A Modular AI-Driven Framework for Automating HR Case Processing: OCR, NLP, Sentiment Analysis and Imbalanced Learning
Main Article Content
Abstract
This study investigates the feasibility and effectiveness of integrating Optical Character Recognition (OCR), Regular Expressions (RegEx), Aspect-Based Sentiment Analysis (ABSA), and supervised learning to automate structured and semi-structured Human Resource (HR) case processing in African public-sector contexts. The proposed modular pipeline comprises OpenCV-based pre-processing for noise reduction, skew correction, and ROI detection; tuned Tesseract 4.1 OCR; RegEx-driven attribute extraction; ABSA for narrative sentiment; and Balanced Bagging Random Forest classification with SMOTE-ENN applied to enhance minority-class representation and improve sensitivity to rare but decision-critical HR outcomes. Evaluated on anonymised promotion and transfer cases from Zambia’s Teaching Service Commission, the system achieved 95% OCR accuracy, F2-Score of 0.97, weighted F1 = 0.95, PR AUC = 0.98, and minority-class F1 = 0.36, demonstrating improved detection of low-frequency, high-priority HR cases.
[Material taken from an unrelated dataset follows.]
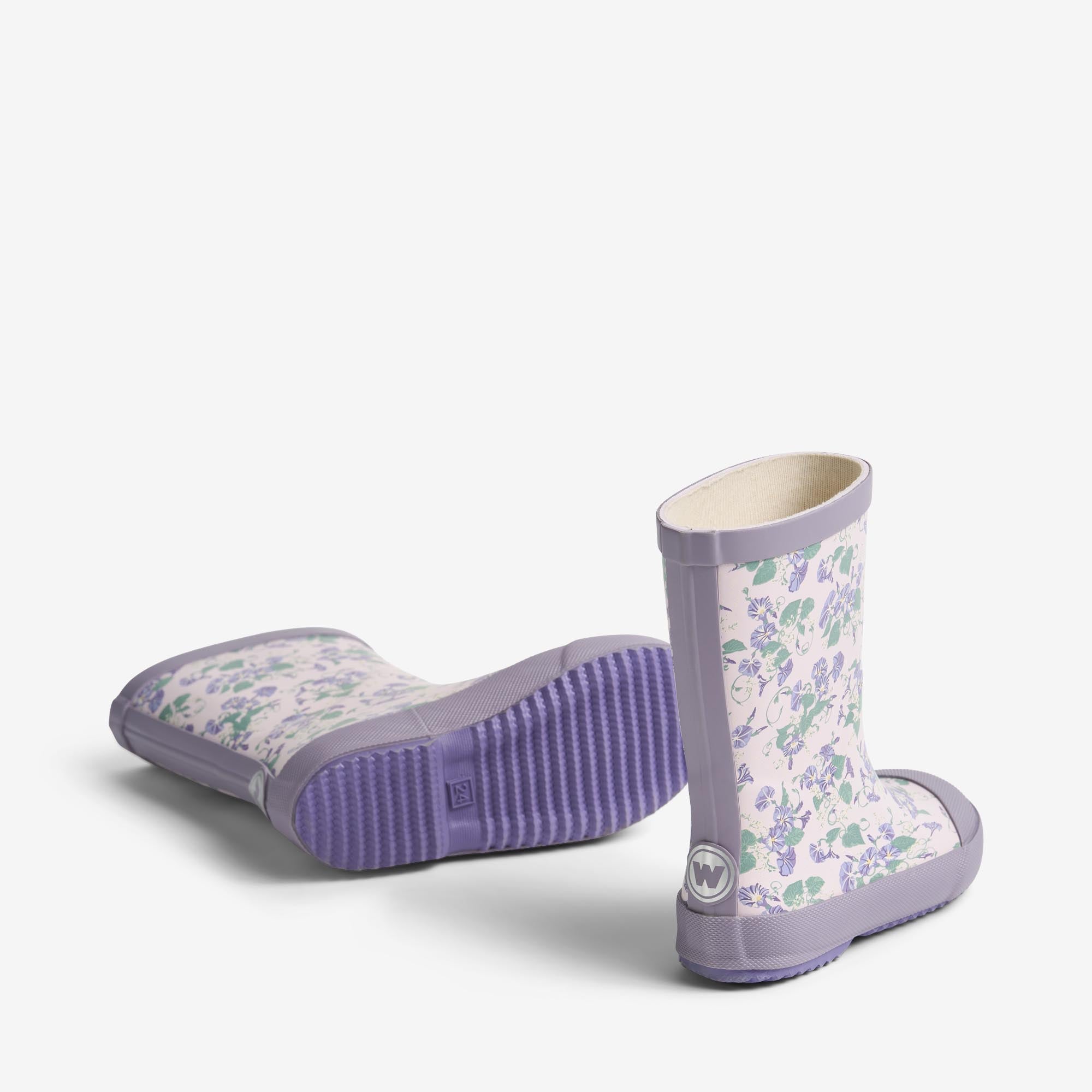 wheat-muddy-gummistiefel-lilac-petunias-blumen image 2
End-to-end processing reduced manual timelines from ~3 days to <9.4 s per two-page case batch, scaling to 1,312 records in 3.3 s on commodity hardware, enabling timely decision support in resource-constrained environments. The framework’s domain-specific integration and ethical alignment provide a scalable, adaptable solution for HR digitisation in policy-bound, resource-limited sectors, supporting compliance with governance and transparency requirements.